Needless to say, Carnegie Mellon is keeping my brain active. I could pose more topics for debate but I’ll save them form another time. Tony, thank you for providing the opportunity and forum for design conversation. I look forward to hearing how those of you in the field are grappling with similar issues. Enjoy the remainder of your spring semester!

All the best,
Stacie Rohrbach
Assistant Professor, Communication Design
Carnegie Mellon University, School of Design

posted by Stacie Rohrbach on March 14, 2004 | comments: 2 | post a comment

First off, I would like to thank Tony Brock for pushing this Design Education initiative. Secondly, I would like to thank Stacie Rohrbach for her comments and questions on Our Jobs as Design ‘Directors’.

I have been teaching for almost two years now and have run into many of the same Tenure Track issues/problems that Stacie has addressed. My following comments will be based solely on my experience while teaching at The University of Memphis.
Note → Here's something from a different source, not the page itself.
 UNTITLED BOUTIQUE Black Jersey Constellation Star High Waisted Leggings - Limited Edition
I have found asking colleagues for their insights and experiences in regard to Tenure have proven to be more interesting than necessarily useful. On the other hand though, I have found that the same colleagues in the Graphic Design Concentration at The University of Memphis have defined Tenure and Promotion Guidelines and Procedures for planned success very well. These Guidelines and Procedures are manifested in the form of a somewhat lengthy document. These documents have proven to be the most useful resource when I have questions regarding the daunting topic. They are very specific in outlining what the department/university considers Graphic Design research and how it is disseminated (these of which were defined by the Graphic Design Faculty). The documents were created due to some of the problems the past and present Graphic Design Faculty were having when going through the Tenure Evaluation process. My suggestion would be to ask if your department/college have created some type of documents like these, and if they are on hand for new faculty to review. If they are not in existence, what needs to take place to create them? If they are in existence, can they be revised or updated, again what is the process of doing so. These have made my life much easier and I have found that it gives me more time to focus my energies on what I should be doing rather than being concerned about having any gray criteria hanging over my head.
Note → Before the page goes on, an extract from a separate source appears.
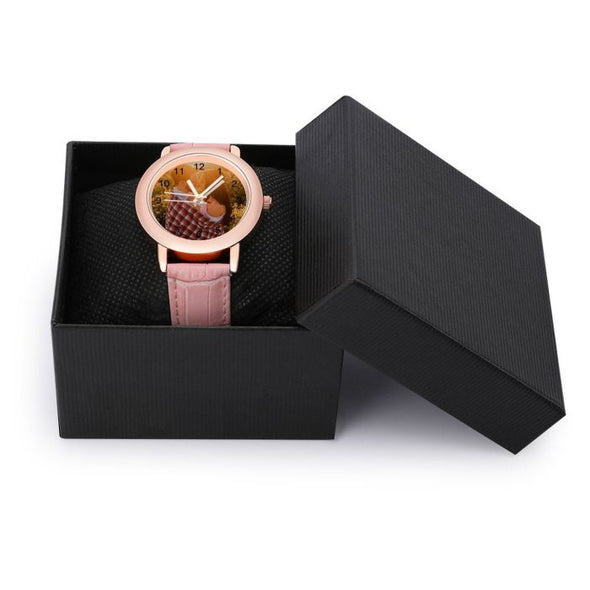 Custom Watch for Women, Personalized Pink Leather Watch with Photo for Girlfriend, Wife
Maybe this will help maybe not. Thanks for reading

Lucas Charles
Assistant Professor, Graphic Design
The University of Memphis

Posted by Lucas Charles on March 15, 2004 05:44 PM

Thanks for your response Lucas. Carnegie Mellon does, in fact, have similar guidelines for tenure promotion. They are somewhat vague in areas. This seems to be intentional to allow for a certain degree of interpretation. However, the department is in the process of revisiting them, determining what needs to be done to make them current.
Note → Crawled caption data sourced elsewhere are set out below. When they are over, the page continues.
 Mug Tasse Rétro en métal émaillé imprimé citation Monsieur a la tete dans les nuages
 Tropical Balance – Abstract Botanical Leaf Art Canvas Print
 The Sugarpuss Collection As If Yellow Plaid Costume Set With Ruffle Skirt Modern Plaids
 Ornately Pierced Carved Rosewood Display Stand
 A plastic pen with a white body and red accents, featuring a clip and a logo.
Although tenure procedures may vary from school to school, I am most interested in discovering the similarities that exist, which is why I brought up the design research question. I believe a consistent use of terminology between our relatively small group of design educators would enable us to discuss topics more easily based on the common language that we share. Therefore, are we all using the term 'design research' in a similar manner?

The design faculty at CMU discussed design research last evening. One of my colleagues mentioned that Brenda Laurel has, or is about to, launch a book entitled (appropriately), 'Design Research'. From what I've heard, Laurel describes making as a form of research in the new book. I believe making becomes research only when the designer has time to reflect on what he/she has made and articulates his/her findings in some manner. Thoughts? I'll keep a look out for it and let you know when it has been released.